Yaşanan Elazığ depremi Türkiye hakkındaki gerçeği bir kez daha ortaya çıkardı. Ülkemizin aktif deprem fayları üzerinde bulunması ve deprem kuşağında yer alması nedeniyle çoğu zaman küçük ya da büyük depremler yaşıyoruz. 2020’nin ilk ayında birbiri ardına yaşanan depremler can yakarken İstanbul Teknik Üniversitesi Süleyman Demirel Kültür Merkezi’nde Prof. Dr. Zeki Hasgür, Prof. Dr. Metin Aydoğan, Doç. Dr. Necmettin Gündüz onuruna betonarme yapılarla alakalı bir seminer düzenlendi.

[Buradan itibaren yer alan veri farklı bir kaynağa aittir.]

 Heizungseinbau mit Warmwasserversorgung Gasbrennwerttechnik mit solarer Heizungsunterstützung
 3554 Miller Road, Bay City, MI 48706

Hasgür, Aydoğan ve Gündüz hakkında anlatılanlar ile başlayan seminere İTÜ Rektörü Prof. Dr. Mehmet Karaca, İTÜ İnşaat Fakültesi Dekanı Prof. Dr. Ünal Aldemir, Bölüm Başkanı Prof. Dr. Kadir Güler katıldı. Seminerde İTÜ İnşaat Fakültesi mezunu olan Başkan Genç’te yerini aldı. Konuşmalarda dikkat çeken başlıklar arasında betonarme yapıların yanı sıra gündemde günlerdir yerini koruyan depremler vardı.

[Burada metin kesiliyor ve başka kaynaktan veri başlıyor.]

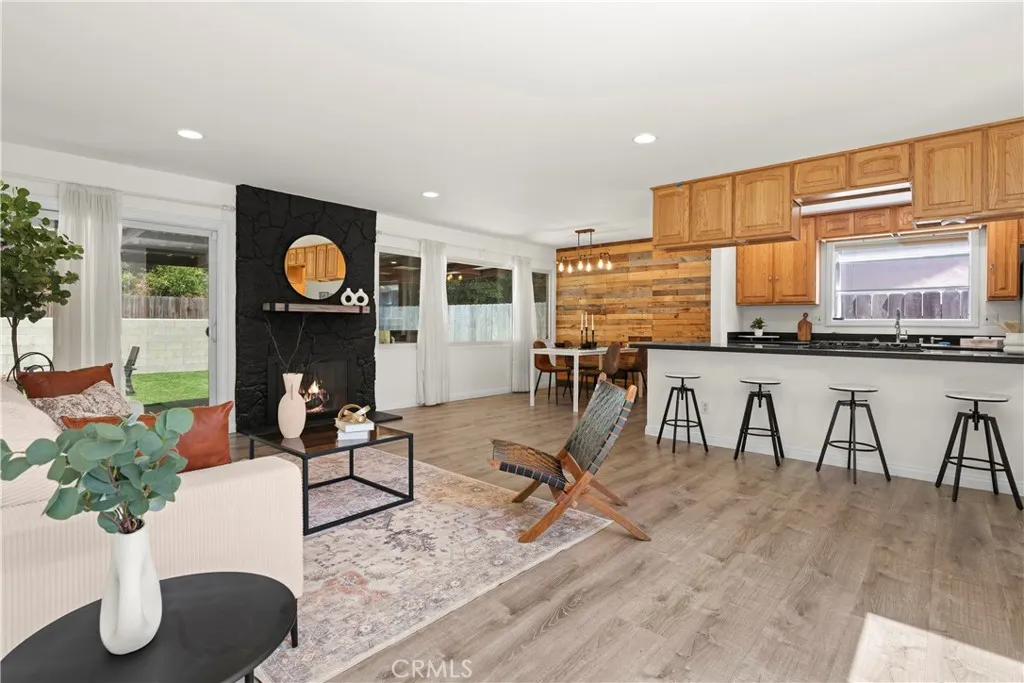 https://cdn.realtyfeed.com/cdn/127/306509115/50e60c16b594cd36c1926c8c7c25216d.webp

HERKESİN ÖNCELİKLE SAMİMİ OLMASI GEREKİYOR
Başkan Genç yaptığı konuşmada bu yapılan sempozyumların çok önemli olduğuna değindi. Günümüzde de genel konu deprem diyen Genç sözlerini şöyle tamamladı: “Yıkılan binaların %99’u kaçak yani mühendislik yardımı almamış, niteliğinin ne olduğu bilinmeyen yapılar. Deprem olduğunda %90’ı yıkılacak. Yapı güvenliğinin olmadığı, binaların doldurulduğu kentlerde yaşıyoruz. Sarıyer’in de %75’i bu şekilde inşa edilmiş. Büyük Millet Meclisi’nde çok önemli bir komisyon kurulmuş. Deprem Araştırma Komisyonu. Ve gerçekten de çok önemli çalışmalar yapılmış, çok doğru şeyler tespit edilmiş ama sonrasına bakıldığında bu tespit edilenlerin hayata geçirilmediğini görüyoruz veya geçirilse bile farklı alanlarda uygulamalar yapılmış. Örneğin 6306 sayılı afet yasası çıkartılmış ama uygulanması gereken alanlarda değil daha çok rant bölgelerini ilgilendiren yerlerde uygulama alanı bulunmaya çalışılmış. Ama beraberinde yanlışlıklar var. Özellikle yapı sistemini seçilmesi konusunda mühendislerin emeği çabası olmalı. Zemin etüdünün ne olduğunu bilmiyorlar. Olayın sonuna gelindiğinde ise yine aynı senaryoları izliyoruz. O zaman bir şeyi kabul etmek lazım. Ne olursa olsun üniversiteden başlayan ve sosyal yaşamda en uç noktaya kadar olan, bu yaşamın içinde olan herkesin öncelikle samimi olması gerekiyor. Ben burada eğitim alan herkesin yaşamlarında başarılar diliyorum ve onların sorumluluklarının bilincinde bu alana katkı sağlayacaklarından en ufak bir şüphem yok.”